Step-by-Step Method for Website Parsing in PHP
On large websites, it is a common situation when on the main page we parse links to category pages, and on the category pages we then parse links to the target pages. Parsing such websites is carried out in several stages. Let's see how it is done.

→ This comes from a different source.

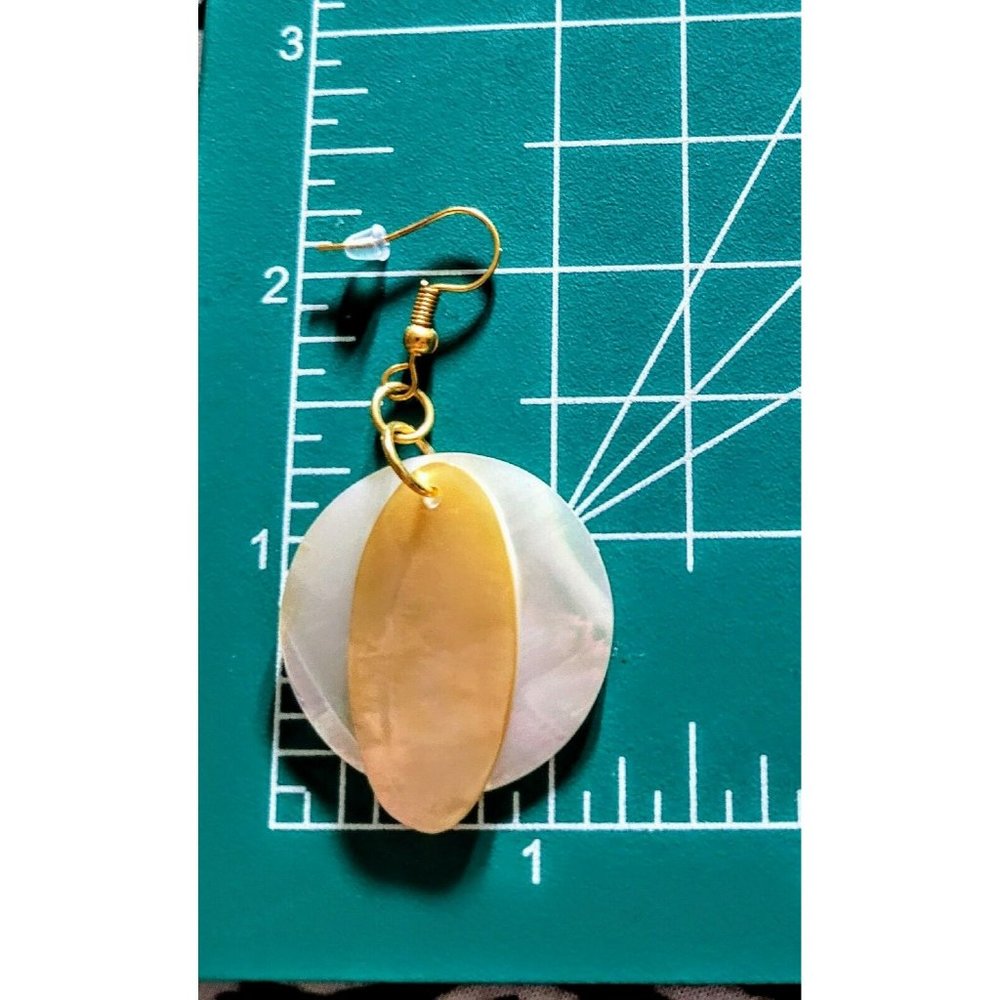 Women's Natrl White SeaShell Dangle-Drop Earrings 2 1/4" x 1 1/8" Gift MA23-wh - Picture 3 of 3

Suppose on the main page we have links to category pages:
<nav>
<a href="http://targ.loc/1/">1</a>
<a href="http://targ.loc/2/">2</a>
<a href="http://targ.loc/3/">3</a>
</nav>
Suppose on each category page there are links to article pages, the texts of which we want to parse:
<nav>
<a href="http://targ.loc/1/1.html">1</a>
<a href="http://targ.loc/1/2.html">2</a>
<a href="http://targ.loc/1/3.html">3</a>
</nav>
Let's perform multi-stage parsing:
<?php
$href0 = 'http://targ.loc/';
$text0 = getPage($href0);
$hrefs1 = getHrefs($text0);
foreach ($hrefs1 as $href1) {
$text1 = getPage($href1);
$hrefs2 = getHrefs($text1);
foreach ($hrefs2 as $href2) {
$text2 = getPage($href2);
var_dump($text2);
}
}
?>
Download the website from the link targ1.zip
and deploy it locally. Write a parser
that will parse all the final pages
and get the content of the tags title
and main
.
Modify the previous task so that the titles and texts of the pages are saved to the database.